[Your instructions] Using the records below, count the lines containing "Green" and give only the total.

=== Begin Enclosure ===

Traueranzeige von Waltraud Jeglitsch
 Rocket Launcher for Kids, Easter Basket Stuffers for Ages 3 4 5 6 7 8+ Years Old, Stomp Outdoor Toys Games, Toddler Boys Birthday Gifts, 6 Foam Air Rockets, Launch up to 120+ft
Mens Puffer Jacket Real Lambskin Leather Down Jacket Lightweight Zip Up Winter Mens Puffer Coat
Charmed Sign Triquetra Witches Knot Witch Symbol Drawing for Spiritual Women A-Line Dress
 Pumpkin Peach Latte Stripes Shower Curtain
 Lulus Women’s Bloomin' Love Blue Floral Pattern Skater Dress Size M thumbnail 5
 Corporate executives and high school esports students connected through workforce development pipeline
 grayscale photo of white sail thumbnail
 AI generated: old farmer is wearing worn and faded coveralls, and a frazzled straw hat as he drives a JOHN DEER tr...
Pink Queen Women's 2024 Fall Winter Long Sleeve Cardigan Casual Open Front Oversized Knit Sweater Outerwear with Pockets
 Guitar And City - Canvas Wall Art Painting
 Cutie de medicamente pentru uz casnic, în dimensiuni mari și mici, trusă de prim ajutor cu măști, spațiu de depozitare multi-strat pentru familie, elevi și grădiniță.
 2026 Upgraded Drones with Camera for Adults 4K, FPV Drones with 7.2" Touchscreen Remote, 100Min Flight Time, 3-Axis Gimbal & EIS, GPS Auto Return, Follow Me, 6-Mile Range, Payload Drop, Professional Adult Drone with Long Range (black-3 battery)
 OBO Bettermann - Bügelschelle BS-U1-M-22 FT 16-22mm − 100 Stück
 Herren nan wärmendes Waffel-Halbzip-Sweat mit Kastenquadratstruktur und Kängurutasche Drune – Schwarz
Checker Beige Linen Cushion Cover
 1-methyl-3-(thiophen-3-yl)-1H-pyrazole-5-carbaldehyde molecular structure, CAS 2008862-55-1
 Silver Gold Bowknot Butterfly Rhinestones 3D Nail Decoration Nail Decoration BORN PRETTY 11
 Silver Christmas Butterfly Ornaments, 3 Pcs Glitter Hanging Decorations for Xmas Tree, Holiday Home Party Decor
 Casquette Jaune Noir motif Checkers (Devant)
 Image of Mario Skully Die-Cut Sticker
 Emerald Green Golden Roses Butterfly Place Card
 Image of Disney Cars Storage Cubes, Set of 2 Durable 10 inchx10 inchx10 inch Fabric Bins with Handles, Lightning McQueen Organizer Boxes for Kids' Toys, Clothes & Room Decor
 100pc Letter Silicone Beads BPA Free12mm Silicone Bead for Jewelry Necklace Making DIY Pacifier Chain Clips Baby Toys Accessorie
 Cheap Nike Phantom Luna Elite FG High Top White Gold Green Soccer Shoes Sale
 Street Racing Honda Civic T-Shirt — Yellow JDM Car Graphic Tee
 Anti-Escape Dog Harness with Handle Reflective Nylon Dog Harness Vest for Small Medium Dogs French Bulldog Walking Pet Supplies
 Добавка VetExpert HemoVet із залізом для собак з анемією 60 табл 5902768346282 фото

=== End Enclosure ===

[Response area] 2